I just got a new USB Audio card for my Lynx Aurora 8. So far, I’ve tried to run it in Linux Mint 20 with no luck… I can see it and it does show up in some advanced settings, but configuring it is beyond me.
I have verified that it works with Windows.
AlsaMixer v1.2.2 sees it but gives me a screen that says “This sound device does not have any controls.”
So far, I’ve modified the /etc/modprobe.d/alsa-base.conf file by commenting out the options snd-usb-audio index=-2 code after following this guide. I still haven’t set device ID in the file.
A friend of mine has an Aurora 16 + LT-USB card. Have you tried updating the firmware of the LT-USB on your windows machine/partition? Beyond that possibility, someone else would have to chime in…
From your posts it is not clear what you did try. I am using Linux Mint 20 (and I do not see that your question is related to Ardour). If you right-click the speaker in the tray, sound preferences, output tab, choose a device for sound output: Can you select your sound card? (Make sure that Jack is not running)
I can get audio out of the headphone output from my motherboard. I can see Line Out built in audio and Digital Output built in audio in the sound tab. My card doesn’t show up as a device in Linux Mint sound settings. It does show up in Alsa Mixer though. My question is related to Ardour because I can’t use it if I can’t configure the sound card.
Try to get sound out of it from terminal with a command like this:
aplay -D plughw:1 somefile.wav
where somefile.wav is any .wav file on your machine.

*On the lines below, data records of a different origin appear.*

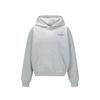 Sudadera con capucha Areswings Estilo Retro Americano Divertido Estampado de Caballo de Guerra Sudadera de Pareja Suelta para Hombres y Mujeres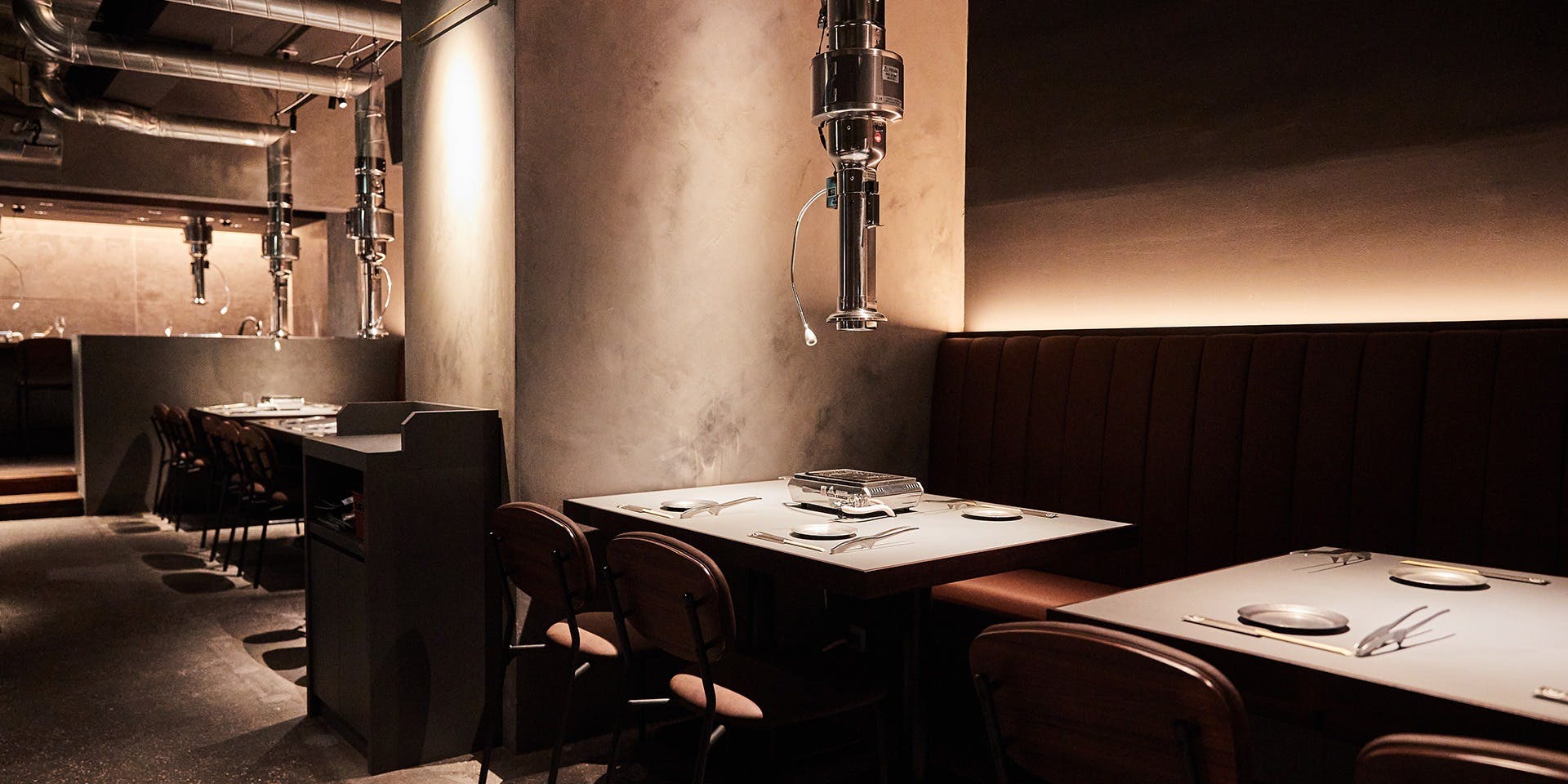 YAKINIKU MARUUSHI 銀座本店（【旧店名】焼肉居酒屋 マルウシミート） 3枚目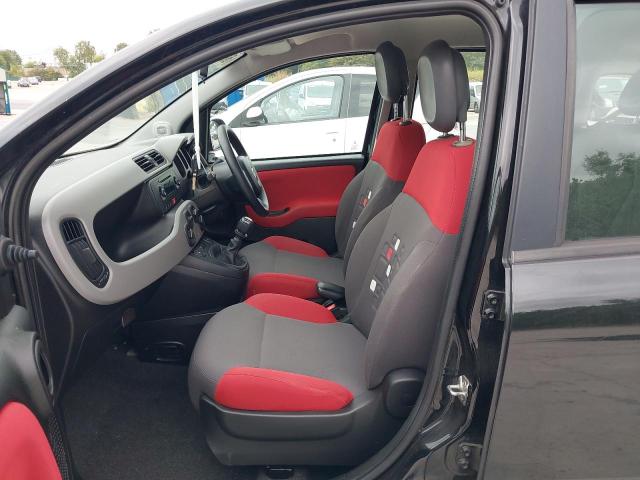 2014 FIAT PANDA EASY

You can also try accessing it with qjackctl - you should specify the I/O channel count as 8 (Setup->Settings->Advanced->Channel I/O), that sometimes help. This is a better way to test multichannel hardware, system settings (Pulseaudio) sometimes handle multichannel cards badly out of the box.
It would be really nice to have another high end converter functional on Linux (besides Merging and Mytek) and the fact that it is shown in /proc/asound/cards is a good sign. I hope you can work it out!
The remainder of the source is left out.